Le premier film de Danny Boyle est une perle culte, une petite bombe d'énergie qui place l'humour noir à un haut niveau, un geste radical qui presque trente ans plus tard n'a rien perdu de son style.
Sous la forme d'un délire presque immature qui placerait trois amis dans une collocation rêvée et les pousserait tranquillement au massacre, le réalisateur dont on connaitra le futur reconnu place d'emblée la barre très haut avec ce qui reste l'une de ses meilleures œuvres.
L'ouverture, avec l'un des génériques les plus originaux et mémorables de l'histoire du cinéma (la virée sous speed au son de la trance inégalable du génial groupe Leftfield) démontre d'emblée la capacité qu'a Boyle d'emmagasiner toute sa culture cinématographique et musicale pour mieux la dynamiter et n'en respecter aucun code ou pour, du moins, les détourner.
Lorgnant du côté de l'horreur (la musique qui imite clairement celle de Carpenter), parodiant l'humour anglais décalé (l'inspecteur de police délicieusement cliché mais malin), rebattant les cartes du thriller, ... il imprègne tout le récit d'une perversité qui ne s'embarasse jamais de morale, ce qui fait un bien fou.

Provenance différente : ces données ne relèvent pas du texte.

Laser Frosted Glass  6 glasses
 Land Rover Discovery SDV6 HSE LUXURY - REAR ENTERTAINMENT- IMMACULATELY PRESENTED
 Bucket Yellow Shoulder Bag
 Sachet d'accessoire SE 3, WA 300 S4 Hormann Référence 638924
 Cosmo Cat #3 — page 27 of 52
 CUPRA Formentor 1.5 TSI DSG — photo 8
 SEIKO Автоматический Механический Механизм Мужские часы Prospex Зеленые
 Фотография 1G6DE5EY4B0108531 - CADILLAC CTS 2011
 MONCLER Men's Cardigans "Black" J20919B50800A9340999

Petits meurtres entre amis perd peut-être un peu de son audace et de sa vitalité dans une dernière partie plus convenue, avant une explosion finale d'une heureuse perversité remarquable, retrouvant l'horreur ironique qu'il avait laissée un temps de côté.
Aussi corrosif qu'éprouvant (notamment dans sa violence physique et ses sensations de douleur), aussi terrifiant qu'hilarant, ce film est une petite merveille pop, un jeu de massacre entre potes qui a tout du fantasme cinématographique de jeune adulte. 1h30 d'énergie, d'efficacité et d'intelligence, tant de mise en scène, de jeu (probablement le meilleur rôle d'Ewan McGregor) que d'écriture, qu'on pourrait se repasser en boucle, et que n'atteindra peut-être plus jamais son réalisateur.